The First Amendment free speech rights of e-cigarette manufacturers are not violated by a requirement that claims of reduced harm must be proven before they are advertised to the public, nor by a ban on free samples.
The Issue: The FDA deemed that e-cigarettes are subject to laws governing sales and advertising for conventional cigarettes and certain other tobacco products. Those laws include a requirement that, before making claims of reduced harm to health (compared to use of conventional tobacco products), manufacturers must demonstrate to the FDA that their claims are substantiated by evidence. Applicable laws also include a prohibition on distribution of free samples. E-cigarette manufacturers argued that both provisions would violate their First Amendment free speech rights, and that the FDA acted “arbitrarily,” in violation of the Administrative Procedures Act
Why It Matters: The case is important both for the specific threat to public health at issue and for its broader First Amendment implications. Besides posing serious health risks of their own, especially to youth, the demographic with the highest level of e-cigarette use, e-cigarettes are getting a new generation of youth addicted to nicotine, often resulting in long-term tobacco use (including smoking cigarettes), leading to serious illness and premature death for many.
More generally, a decision that pre-market review is unconstitutional would have hamstrung the ability to regulate deceptive advertising and promotions of any sort, no matter how harmful the deception. And a decision striking down the sampling ban would have threatened the constitutionality of any regulation of product sales and distribution.

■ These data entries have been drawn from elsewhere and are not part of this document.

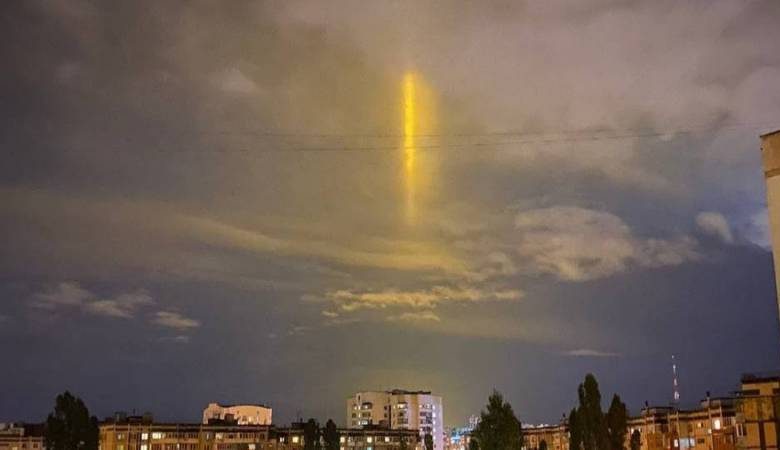 Специалисты разгадали загадку световых столбов над Белгородом
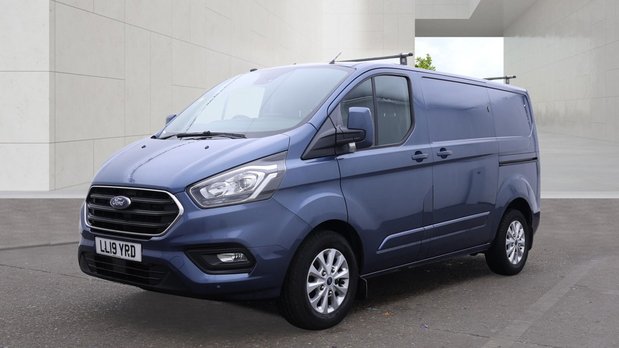 Ford Transit Custom SWB L1H1 Low Roof Limited 280 Air Con Alloys Sensors EURO 6 NO VAT 1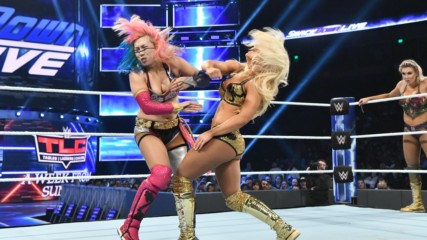 Charlotte Flair & Asuka vs. Mandy Rose & Sonya Deville: SmackDown LIVE, Dec. 4, 2018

Public Good’s Contribution: Public Good represented a leading public health legal advocacy organization appearing as an amicus in the United States Court of Appeals for the D.C. Circuit. Public Good’s brief explained in detail that the pre-approval requirement for health claims was far from unique, and was necessitated by the sordid history of deceptive claims by the tobacco industry for a long succession of allegedly safer tobacco products. And, contrary to the e-cigarette manufacturers’ claims that they represented a new and different industry not tainted by that history, Public Good demonstrated the intertwined ownership and personnel of the vaping companies and the traditional tobacco companies, and showed the continuity of strategies of deception over time. Public Good also argued that sampling clearly failed to meet applicable standards for when conduct is sufficiently communicative to receive First Amendment protection, and indeed that the vaping companies’ arguments would rule out any regulation of product sales or distribution. Public Good also clarified the correct standard of review if the First Amendment were found to apply.
Amicus represented by Public Good: Public Good’s brief in the D.C. Circuit was filed on behalf of the Public Health Law Center.
Outcome: The D.C. Circuit panel unanimously upheld all the regulations of e-cigarette promotion against all industry objections. In upholding the pre-clearance requirement for reduced harm claims, the Court attached substantial weight to the long history of tobacco industry deception, as explicated in Public Good’s brief. And the Court disposed of the challenge to the free sampling ban essentially along the reasoning of Public Good, which had filed the only amicus brief to address that issue.
266 F. Supp. 3d 360 (D.D.C. 2017), and affirmed, 944 F.3d 267 (D.C. Cir. Dec. 10, 2019).